▶ _Aim of the task_
Begin at the line containing "In leads I, aVL, V5, and" in the data below and go on through the line containing "And now I can", repeating each line exactly; include both ends and no other line.

▶ _Source records_
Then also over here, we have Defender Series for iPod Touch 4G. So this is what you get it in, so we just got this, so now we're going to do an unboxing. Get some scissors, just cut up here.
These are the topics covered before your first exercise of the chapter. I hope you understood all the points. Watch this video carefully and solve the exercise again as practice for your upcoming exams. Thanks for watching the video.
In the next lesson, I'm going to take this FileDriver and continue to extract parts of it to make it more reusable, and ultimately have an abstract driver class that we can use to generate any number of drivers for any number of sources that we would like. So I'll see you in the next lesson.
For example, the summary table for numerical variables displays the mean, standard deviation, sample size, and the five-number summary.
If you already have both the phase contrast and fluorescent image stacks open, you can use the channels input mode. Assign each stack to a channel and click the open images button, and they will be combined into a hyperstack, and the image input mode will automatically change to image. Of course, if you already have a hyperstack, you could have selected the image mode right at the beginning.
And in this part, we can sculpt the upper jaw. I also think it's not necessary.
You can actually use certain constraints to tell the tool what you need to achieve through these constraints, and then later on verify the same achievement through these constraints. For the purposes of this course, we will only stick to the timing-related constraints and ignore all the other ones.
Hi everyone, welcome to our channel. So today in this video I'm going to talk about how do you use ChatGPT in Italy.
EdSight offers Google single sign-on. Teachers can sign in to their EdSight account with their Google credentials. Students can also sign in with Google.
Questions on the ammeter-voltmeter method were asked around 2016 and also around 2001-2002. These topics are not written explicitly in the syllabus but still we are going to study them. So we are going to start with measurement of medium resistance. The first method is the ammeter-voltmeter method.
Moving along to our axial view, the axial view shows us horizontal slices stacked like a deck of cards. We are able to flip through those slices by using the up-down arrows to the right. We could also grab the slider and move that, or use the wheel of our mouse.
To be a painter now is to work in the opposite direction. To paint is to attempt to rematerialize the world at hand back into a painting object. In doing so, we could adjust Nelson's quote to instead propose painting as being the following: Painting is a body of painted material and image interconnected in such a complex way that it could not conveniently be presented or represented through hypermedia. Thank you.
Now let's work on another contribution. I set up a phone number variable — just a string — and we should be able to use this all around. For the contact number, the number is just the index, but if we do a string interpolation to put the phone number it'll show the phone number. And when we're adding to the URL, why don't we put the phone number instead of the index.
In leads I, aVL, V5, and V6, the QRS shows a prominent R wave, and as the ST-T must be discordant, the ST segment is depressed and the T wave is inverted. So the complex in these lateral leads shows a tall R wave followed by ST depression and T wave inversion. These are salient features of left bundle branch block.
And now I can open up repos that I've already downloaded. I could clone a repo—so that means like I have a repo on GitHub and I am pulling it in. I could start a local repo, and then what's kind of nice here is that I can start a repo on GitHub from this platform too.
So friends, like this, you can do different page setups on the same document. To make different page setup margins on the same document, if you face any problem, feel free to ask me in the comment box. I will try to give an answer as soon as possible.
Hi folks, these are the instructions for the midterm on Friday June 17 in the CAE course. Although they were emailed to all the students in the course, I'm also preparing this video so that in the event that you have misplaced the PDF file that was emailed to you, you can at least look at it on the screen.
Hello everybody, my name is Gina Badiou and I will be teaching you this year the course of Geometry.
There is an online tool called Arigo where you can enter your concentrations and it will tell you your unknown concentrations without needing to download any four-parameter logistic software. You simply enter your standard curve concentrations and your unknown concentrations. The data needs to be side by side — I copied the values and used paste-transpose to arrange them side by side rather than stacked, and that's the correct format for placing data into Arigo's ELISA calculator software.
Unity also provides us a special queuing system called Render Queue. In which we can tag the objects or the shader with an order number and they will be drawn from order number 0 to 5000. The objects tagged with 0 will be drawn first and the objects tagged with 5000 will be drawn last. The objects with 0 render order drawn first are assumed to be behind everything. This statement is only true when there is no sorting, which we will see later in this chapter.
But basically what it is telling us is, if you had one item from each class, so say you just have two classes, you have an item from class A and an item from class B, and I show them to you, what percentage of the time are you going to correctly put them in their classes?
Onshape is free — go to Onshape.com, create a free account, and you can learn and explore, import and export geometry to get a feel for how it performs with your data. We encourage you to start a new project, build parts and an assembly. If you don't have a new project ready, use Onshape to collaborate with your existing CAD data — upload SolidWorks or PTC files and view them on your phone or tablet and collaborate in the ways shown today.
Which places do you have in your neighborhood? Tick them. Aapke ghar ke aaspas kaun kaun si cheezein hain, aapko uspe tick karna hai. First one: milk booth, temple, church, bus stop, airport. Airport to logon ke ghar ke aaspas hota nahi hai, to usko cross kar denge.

▶ _Result of the task_
In leads I, aVL, V5, and V6, the QRS shows a prominent R wave, and as the ST-T must be discordant, the ST segment is depressed and the T wave is inverted. So the complex in these lateral leads shows a tall R wave followed by ST depression and T wave inversion. These are salient features of left bundle branch block.
And now I can open up repos that I've already downloaded. I could clone a repo—so that means like I have a repo on GitHub and I am pulling it in. I could start a local repo, and then what's kind of nice here is that I can start a repo on GitHub from this platform too.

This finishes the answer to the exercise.